"Auch Tiere müssen trauern", "staatlich verordnetes Heulen", "Massenweinkrampf". So oder so ähnlich nehmen sich die Schlagzeilen in der Berichterstattung über die Trauerfeierlichkeiten in Nordkorea aus, quer durch die Medienlandschaft. Unverständnis, Befremdung bis hin zu Häme schwingen in der freien Presse mit, wenn von hysterisch heulenden Massen in Pjöngjang berichtet wird. Verkürzt gesagt, der Westen zeigt mit dem (medialen) Finger auf die kollektiv exerzierte Trauer in Nordkorea und lacht sich schief.

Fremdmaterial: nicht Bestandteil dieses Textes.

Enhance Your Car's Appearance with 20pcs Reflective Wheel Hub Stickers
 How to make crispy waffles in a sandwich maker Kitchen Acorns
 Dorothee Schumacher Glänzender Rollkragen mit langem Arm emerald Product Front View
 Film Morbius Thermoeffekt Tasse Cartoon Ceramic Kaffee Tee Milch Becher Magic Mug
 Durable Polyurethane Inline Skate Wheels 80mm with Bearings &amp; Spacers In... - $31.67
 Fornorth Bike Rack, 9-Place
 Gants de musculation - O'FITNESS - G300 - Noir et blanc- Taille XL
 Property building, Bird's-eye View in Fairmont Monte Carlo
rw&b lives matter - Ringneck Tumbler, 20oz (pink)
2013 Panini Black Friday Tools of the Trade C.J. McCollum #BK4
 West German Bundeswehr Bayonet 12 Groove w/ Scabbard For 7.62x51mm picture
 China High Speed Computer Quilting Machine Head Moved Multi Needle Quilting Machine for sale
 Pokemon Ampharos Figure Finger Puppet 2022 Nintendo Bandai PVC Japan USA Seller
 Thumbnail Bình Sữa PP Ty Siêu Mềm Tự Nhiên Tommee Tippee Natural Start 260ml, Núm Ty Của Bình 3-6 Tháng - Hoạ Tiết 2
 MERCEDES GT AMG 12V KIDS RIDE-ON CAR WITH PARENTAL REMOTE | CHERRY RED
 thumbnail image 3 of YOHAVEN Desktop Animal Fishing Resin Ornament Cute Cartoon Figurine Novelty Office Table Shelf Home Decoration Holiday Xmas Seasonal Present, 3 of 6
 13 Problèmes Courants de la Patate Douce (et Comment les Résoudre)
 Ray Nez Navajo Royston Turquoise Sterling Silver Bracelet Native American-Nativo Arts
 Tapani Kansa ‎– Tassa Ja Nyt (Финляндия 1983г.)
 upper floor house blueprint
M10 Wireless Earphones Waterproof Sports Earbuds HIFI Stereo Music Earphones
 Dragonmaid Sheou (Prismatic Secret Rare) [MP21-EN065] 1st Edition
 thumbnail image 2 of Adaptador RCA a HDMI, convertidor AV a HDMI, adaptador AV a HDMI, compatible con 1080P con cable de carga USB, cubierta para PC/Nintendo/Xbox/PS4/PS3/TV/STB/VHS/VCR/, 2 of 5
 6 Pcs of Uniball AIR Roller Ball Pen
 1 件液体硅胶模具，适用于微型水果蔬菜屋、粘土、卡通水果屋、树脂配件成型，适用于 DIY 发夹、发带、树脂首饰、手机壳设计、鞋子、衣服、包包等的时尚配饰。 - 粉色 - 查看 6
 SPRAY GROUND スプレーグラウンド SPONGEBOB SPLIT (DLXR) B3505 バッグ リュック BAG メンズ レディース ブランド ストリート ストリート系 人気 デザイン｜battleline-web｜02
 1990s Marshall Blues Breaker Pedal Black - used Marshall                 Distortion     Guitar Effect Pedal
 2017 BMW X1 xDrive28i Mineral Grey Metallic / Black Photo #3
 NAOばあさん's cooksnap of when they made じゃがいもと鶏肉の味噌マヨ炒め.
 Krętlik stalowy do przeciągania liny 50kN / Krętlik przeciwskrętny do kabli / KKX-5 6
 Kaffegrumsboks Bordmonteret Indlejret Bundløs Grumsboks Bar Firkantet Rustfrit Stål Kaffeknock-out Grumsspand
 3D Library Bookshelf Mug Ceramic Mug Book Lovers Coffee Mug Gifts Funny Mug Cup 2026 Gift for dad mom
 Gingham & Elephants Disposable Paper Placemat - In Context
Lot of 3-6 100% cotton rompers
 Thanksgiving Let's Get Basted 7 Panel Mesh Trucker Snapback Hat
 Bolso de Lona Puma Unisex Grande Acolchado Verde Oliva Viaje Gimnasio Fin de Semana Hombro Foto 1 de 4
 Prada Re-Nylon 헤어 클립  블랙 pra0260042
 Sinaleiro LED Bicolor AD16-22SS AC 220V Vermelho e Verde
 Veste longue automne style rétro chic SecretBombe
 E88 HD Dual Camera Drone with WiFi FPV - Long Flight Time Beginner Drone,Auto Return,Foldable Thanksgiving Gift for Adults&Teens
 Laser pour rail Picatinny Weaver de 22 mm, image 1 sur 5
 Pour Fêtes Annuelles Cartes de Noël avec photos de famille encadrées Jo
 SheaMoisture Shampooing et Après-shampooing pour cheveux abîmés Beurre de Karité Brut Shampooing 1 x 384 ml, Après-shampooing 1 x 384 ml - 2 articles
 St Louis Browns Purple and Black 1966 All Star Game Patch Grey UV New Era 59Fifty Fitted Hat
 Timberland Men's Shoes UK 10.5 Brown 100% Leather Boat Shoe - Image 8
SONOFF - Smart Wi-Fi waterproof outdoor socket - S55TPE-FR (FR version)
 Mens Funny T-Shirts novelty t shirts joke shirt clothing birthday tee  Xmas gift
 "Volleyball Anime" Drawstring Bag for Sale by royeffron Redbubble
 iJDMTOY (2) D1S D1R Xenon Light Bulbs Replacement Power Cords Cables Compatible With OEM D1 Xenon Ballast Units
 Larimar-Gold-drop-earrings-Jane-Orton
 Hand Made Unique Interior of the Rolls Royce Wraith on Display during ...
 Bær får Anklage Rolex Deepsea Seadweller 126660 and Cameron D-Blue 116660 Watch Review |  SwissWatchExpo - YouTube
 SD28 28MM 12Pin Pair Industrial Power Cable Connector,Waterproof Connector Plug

Dabei ist eine solche, aus westlicher Sicht megalomanisch und kolossal angelegte Inszenierung der Staatstrauer wenig überraschend; ganz im Gegenteil, vor dem gegebenen ideologischen und gesellschaftlichen Hintergrund in Nordkorea ist das, was seit dem offiziell verkündeten Tod von Kim Jong-Il an öffentlicher Inszenierung passiert, geradezu konsequent, nachvollziehbar und folgerichtig.

In einem System, in dem seit Jahrzehnten ein kruder, stalinistisch geprägter Personenkult herrscht, ist der Tod des Führers ein reales Drama für die stark ideologisierte und militarisierte Gesellschaft, und wohl auch für das (mehr oder weniger) indoktrinierte Individuum. Eine Diktatur stützt sich nie ausschließlich auf Terror und Schrecken, sondern zu einem großen Teil auch auf Verehrung, Vertrauen und Rückhalt breiter Bevölkerungsschichten, die im Diktator oder in der diktatorisch agierenden Führungselite einen Stabilitätsgaranten und einen Beschützer vor den äußeren Feinden sehen.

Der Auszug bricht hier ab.